For the purpose of showing that a claim of this nature is a claim of the community and not of the injured wife, counsel call our attention to Hawkins v. Front Street Cable R. Co., 3 Wash. 592, 28 Pac. 1021, 28 Am. St. 72, 16 L. R. A. 808; Davis v. Seattle, 37 Wash. 223, 79 Pac. 784. It is true that under our laws such a claim as is here involved is a claim of the community, and that suit thereon must be brought in the name of the husband and that the wife is not a necessary party to such action, though she is a proper party. But when such a claim is acted upon by the commissioners and record thereof is made in their minutes, we do not think that such record should be subjected to technical rules of construction in determining its meaning. If the record, taken in connection with the matter which was actually before the commissioners, plainly indicates as to what claim their action refers, it will be held sufficient in law, even though the language of the record might lack that technical exactness required in court proceedings. As was said by this court in State ex rel. Ross v. Headlee, 22 Wash. 126, 66 Pac. 126:

“It is a matter of common knowledge that the members of boards of county commissioners are not, as a rule, technical lawyers, and of necessity their acts are more or less informal, and cannot be expected to meet the requirements of technical exactness which characterizes the actions of superior courts; *355and the proper administration of the law intrusted to their care demands a liberal construction of their acts, to the end that substantial justice shall be attained.”

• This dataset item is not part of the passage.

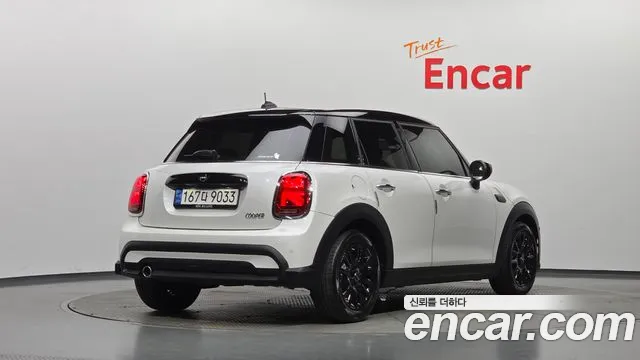 MINI Cooper — Фото автомобиля 2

To the same effect is North Yakima v. Scudder, 41 Wash. 15, 82 Pac. 1022. It seems to us that in this case the record of the commissioners showing their action of October 7, 1907, plainly indicates they intended to, and actually did, reject this claim on that day. We think the record identifies the claim in such manner as to render it certain that the claim here sued upon is the one which was then rejected. The recorded action of the commissioners shows that the claim they rejected was one presented on the same day, was one presented by A. R. Coleman as attorney for Henrietta Maynard, was one for injuries on account of alleged defective county bridge at a stated location, and was one for $10,000, all of which agrees with the claim sued upon in this action, except for the mere omission of the husband’s name from the record of rejection. The record does not in so many words say it was a claim for injuries to Henrietta Maynard, but such is its fair inference. We are of the opinion that the claim sued upon in this action is the same claim presented to and rejected by the county commissioners on October 7, 1907, and since more than three months expired thereafter before the commencement of this action, appellants’ right to sue upon such claim became barred by the plain provisions of § 359 of Bal. Code above quoted.

The order and judgment of the superior court taking the cause from the jury and dismissing the action upon the ground that plaintiffs’ rights were barred was not erroneous, but a correct disposition of the cause. This renders it unnecessary for üs to discuss other assigned errors which would not change our conclusion, whether resolved favorably to or against appellants. We conclude that the judgment of the superior court must be affirmed, and it is so ordered.

Rudkin, C. J., Dunbar, Crow, and Mount, JJ., concur.